Microcode assembler work

I’ve spent a bit of time over the past couple of months re-implementing the microcode assembler from scratch. The original microcode assembler was thrown together to save me from typing 64 ones and zeroes for every word of microcode (which I was doing until I wrote the assembler), but wasn’t very extensible and over the years had become a mess, was hard to work on, and I was avoiding ever touching it because it seemed to break every time I did. I decided re-implementing it was probably a good idea.

The new microcode assembler acts basically the same, takes the same input files and, eventually, will generate the same output files, but should be easier to maintain and extend. I’ve been trying to avoid the second system effect by keeping scope to just the existing functionality (and removing a couple functions that didn’t end up being as useful as I thought), and once it’s done I’ll look at adding new functionality.

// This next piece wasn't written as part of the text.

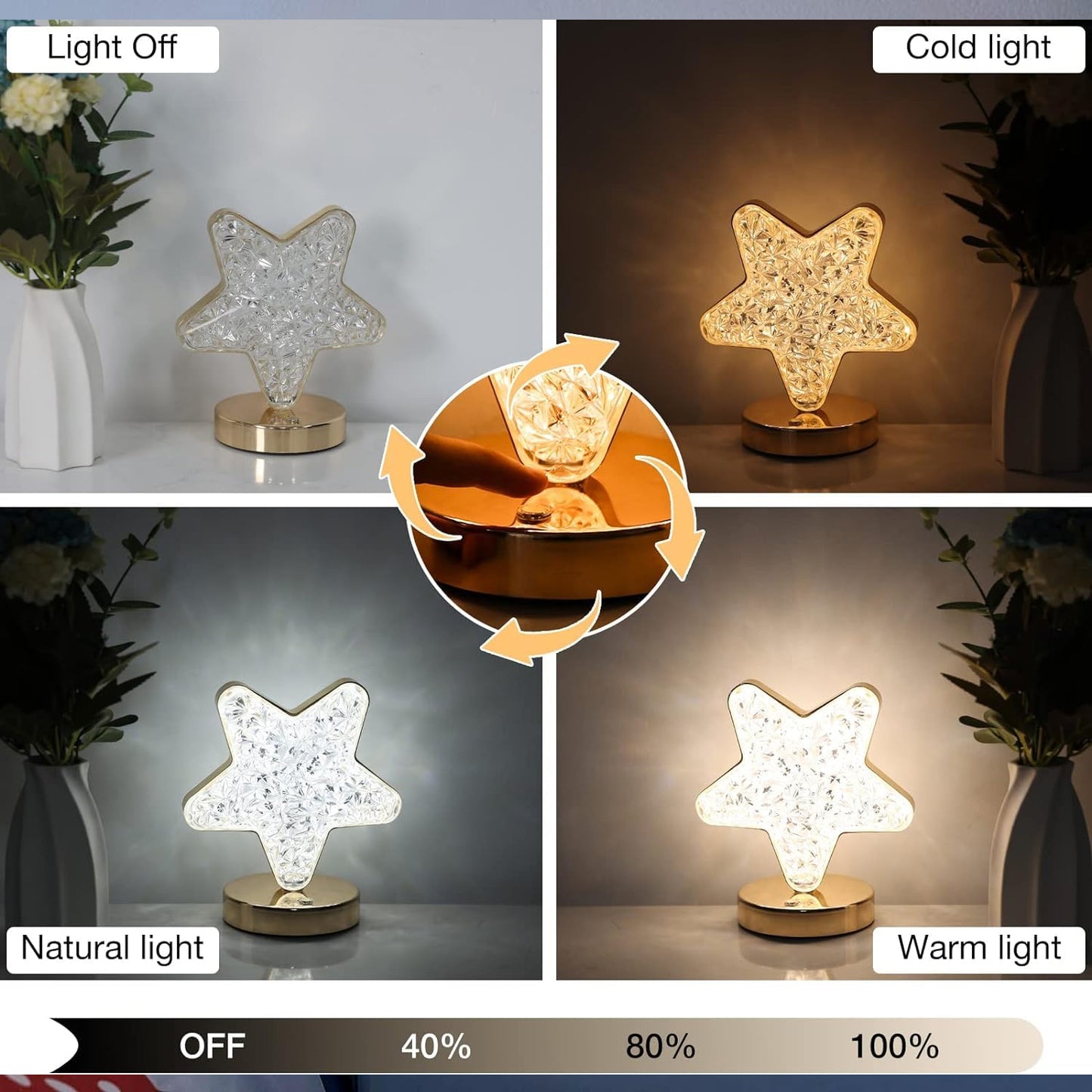 Star Shape Crystal Diamond Lamp Cordless Luxury Lamp With Usb Rechargeable 3-way Dimmable Touch Control Decorative Nightstand Lamp For Bedroom Living Room Party Restaurant Decor (1 Pc )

One thing I want to add (and one of the reasons for the re-write) was some optimization, in a lot of cases the first word of an instruction is just a next_addr to the actual routine (e.g. ldi8.al just jumps to ldi8.?l), with the original entry point just serving to fill IR with the correct register information. There’s no reason that the instruction can’t start doing work in the first word/cycle other than because it would make the code much harder to read and duplicate a lot of code, so I want to add an optimization module to the microcode compiler which will take care of shuffling things around to save cycles while not having to do it manually and make code harder to read.

The assembler is mostly working at this point, but the next_addr functionality isn’t quite working right, and while troubleshooting this I think the way I’ve implemented it is not ideal, so I’m re-implementing that and then this mini-project should be done. After that I’ll probably finish the few instructions I have left to implement, then finish interrupt/trap support.